The analysis, by Pew Research, is being spun as evidence that the government “spends too much” on the elderly while leaving younger Americans hanging out to dry. It's already becoming another weapon in the corporate right's long-running battle against Social Security.

There's no doubt that this economy is especially grim for young people. Unemployment among young adults continues to hover around 18 percent, and a report by the Federal Reserve found that full-time undergraduate students are borrowing 63 percent more for school than they did a decade ago. (Outstanding student-loan debt broke the trillion-dollar mark for the first time this year.) Young people have few prospects for decent jobs. This bleak situation is clearly a driving factor behind the emergence of the Occupy Wall Street movement; studies suggest that the “occupiers” skew young, don't have a lot of income and suffer from a much higher rate of unemployment than the country as a whole.

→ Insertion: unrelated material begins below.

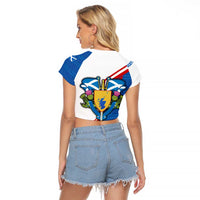 Scotland Blue Tartan Raglan Cropped T Shirt with Crest and Saltire Shield Design - Wonder Print Shop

The Pew study's main finding is that, “in 2009, households headed by adults ages 65 and older possessed 42% more median net worth (assets minus debt)" than they did in 1984, but that trend was reversed in younger households. In 2009, “households headed by adults younger than 35 had 68% less wealth than households of their same-aged counterparts had in 1984."

As a result, whereas older families had 10 times the accumulated wealth of those headed by people under 35 back in 1984, that ratio has now risen to 47-to-1. The authors acknowledge that people accumulate wealth as they get older, and that young people didn't have a lot of it back in 1984, but economist Dean Baker told AlterNet that this fact renders the finding little more than a bit of trivia. “The idea of using a ratio is really problematic in this context,” he said. “Young people have no wealth. They had no wealth in 1984 and they have no wealth now. The fact that the ratio of the wealth of older households to younger households has increased hugely tells us almost nothing.”

It tells us even less because, as Baker noted, the study contains a serious flaw. Back in the 1980s, traditional, employer-managed pensions were the primary means of saving for retirement in the United States, but during the intervening years there was a huge shift toward 401(k)s (and similar accounts), which now represent over 80 percent of private retirement savings. Traditional pensions weren’t counted as part of a household’s net-worth, but 401(k)s are. So comparing the wealth of older households that didn’t include their nest-eggs in 1984 to those in 2009 which count the money people have socked away as part of their net worth is like comparing apples to oranges.

“It’s incredibly dishonest that the Pew study didn’t mention the impact of the switch from defined benefit pensions to defined contribution plans,” Baker said.

What’s more, 1984 was a very different point in the business cycle than 2009. Back then we were in the second year of a robust recovery following the 1981-'82 recession, with real economic growth of over 7 percent and an unemployment rate that was under 8 percent and falling rapidly. The recent crash officially ended halfway through 2009, giving way to an anemic recovery. Economic growth for the year was negative, and unemployment for the year stood more or less steady at 9.3 percent.